### Excerpted records ###
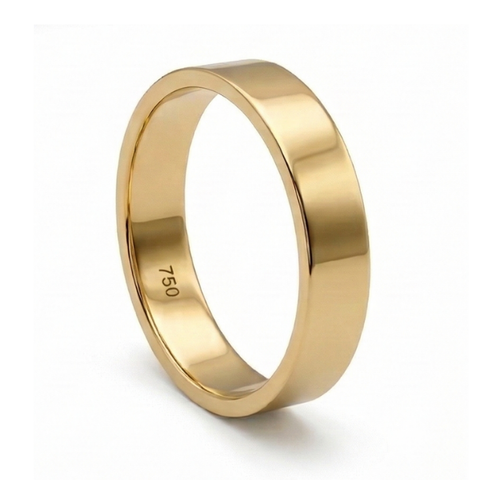 Aliança de casamento Frame em ouro 18 quilates - 4mm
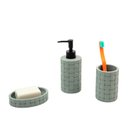 Ver imagem 3 de Porta Objetos de Resina Tramado Verde - Oikos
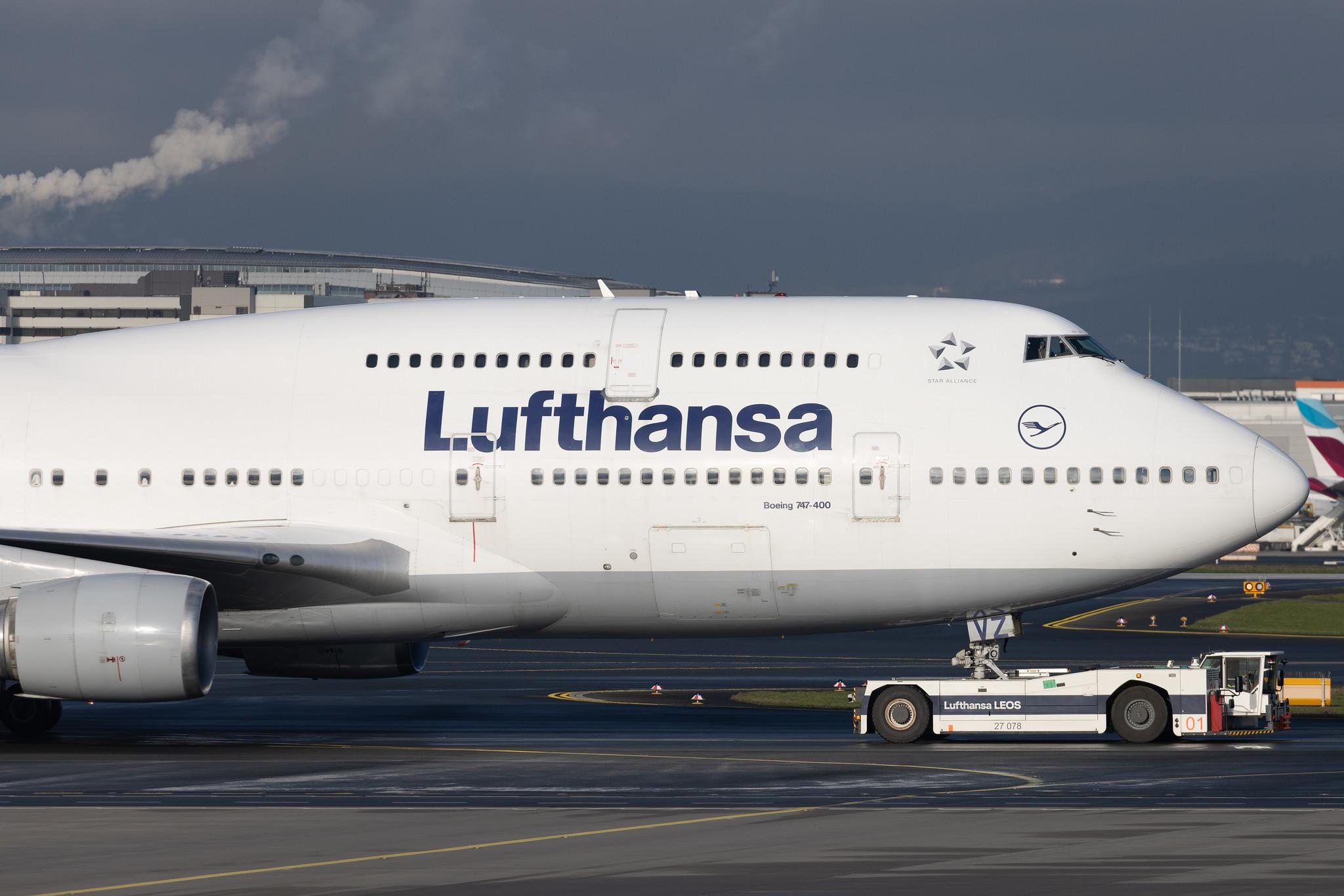 Frankfurt Airport: Lufthansa (LH / DLH) | Boeing 747-430 B744 | D-ABVZ | MSN 29870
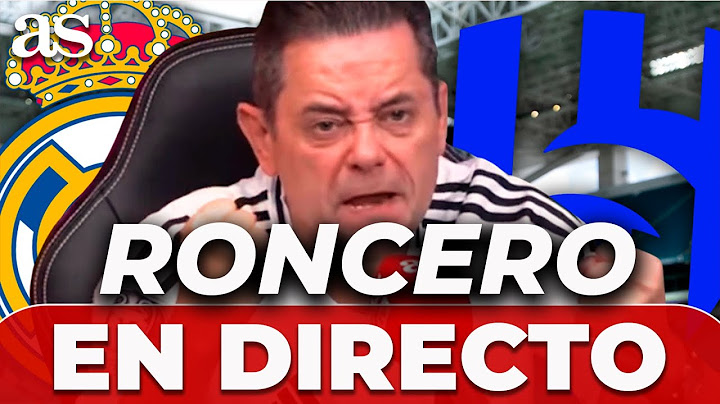 RONCERO, EMOCIONADO con el ESTRENO del REAL MADRID en el MUNDIAL de CLUBES | La grada de Roncero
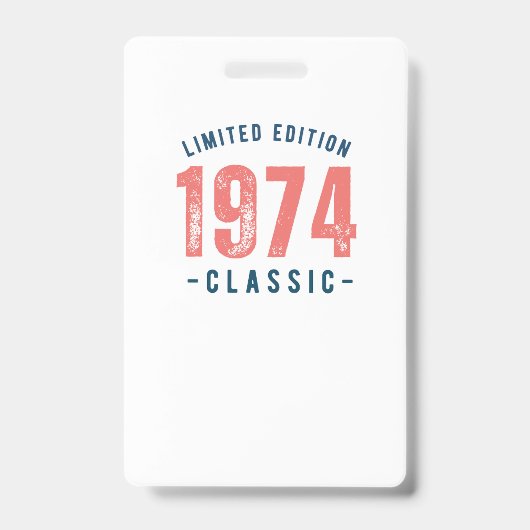 バッジ 1974 (正面)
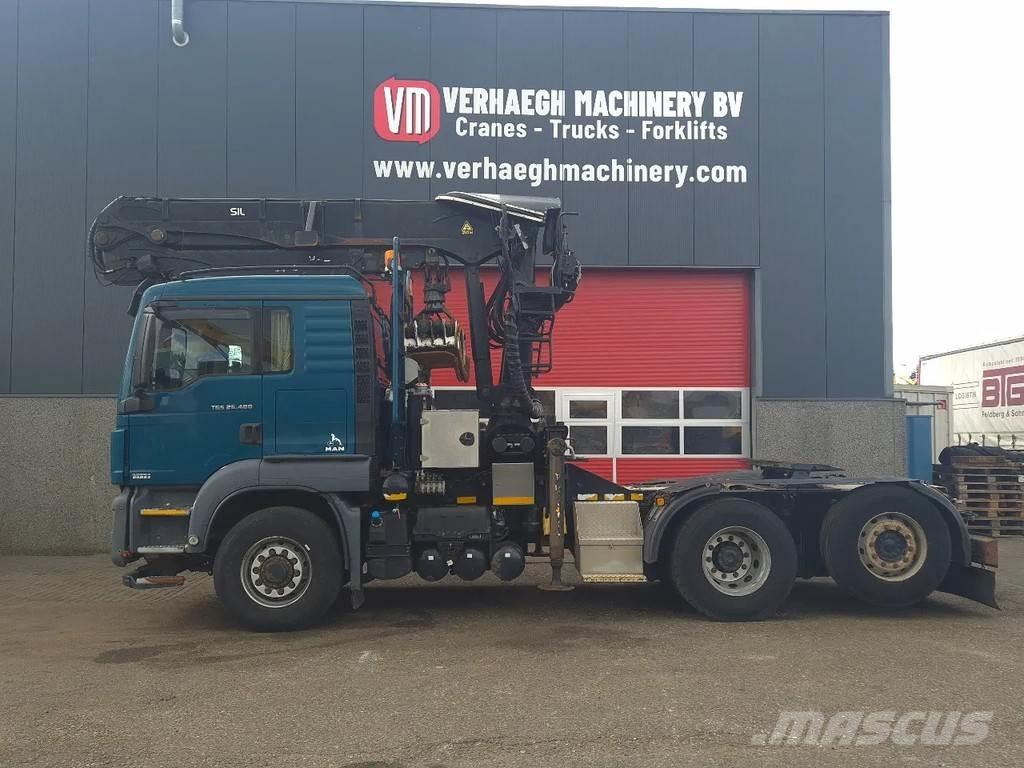 MAN TGA 26.480 Timmerbilar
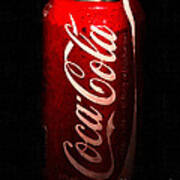 Coca Cola Coke Can . Painterly Poster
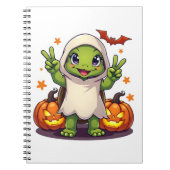 Funny Turtle Ghost Pumpkin Boo Halloween Kinder Me Notizblock (Vorderseite)
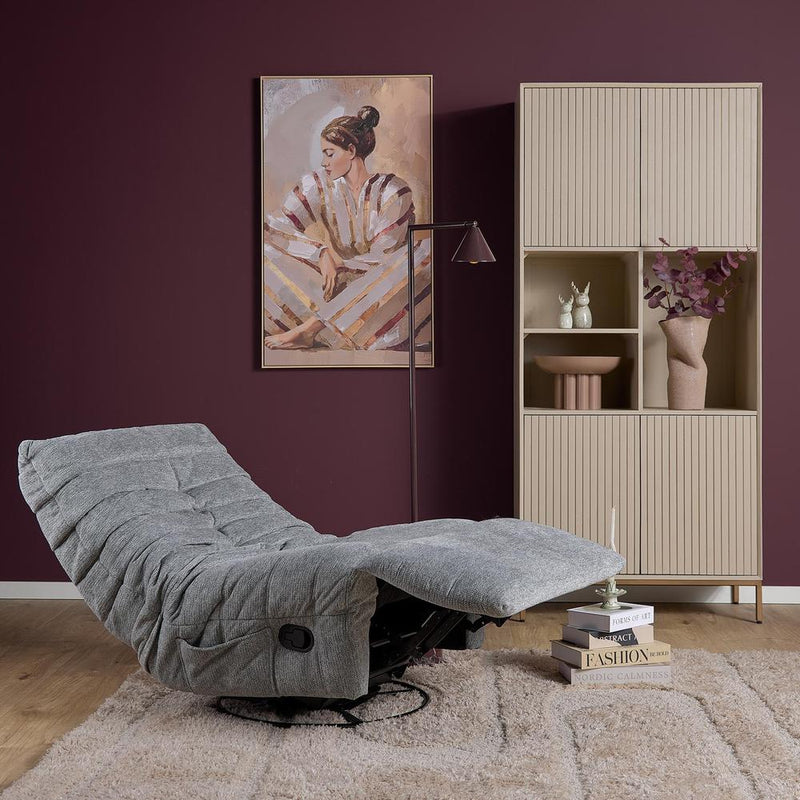 Fauteuil Relaxfauteuil Zen Grijs 78x97x90 cm-Fauteuils-Starfurn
###
Set down exactly and only the lines from the line that contains "Coca Cola Coke Can . Painterly Poster" through the last line of the entries above, with both of those lines included and the pictures left out.

Solution to the problem
 Coca Cola Coke Can . Painterly Poster
 Funny Turtle Ghost Pumpkin Boo Halloween Kinder Me Notizblock (Vorderseite)
 Fauteuil Relaxfauteuil Zen Grijs 78x97x90 cm-Fauteuils-Starfurn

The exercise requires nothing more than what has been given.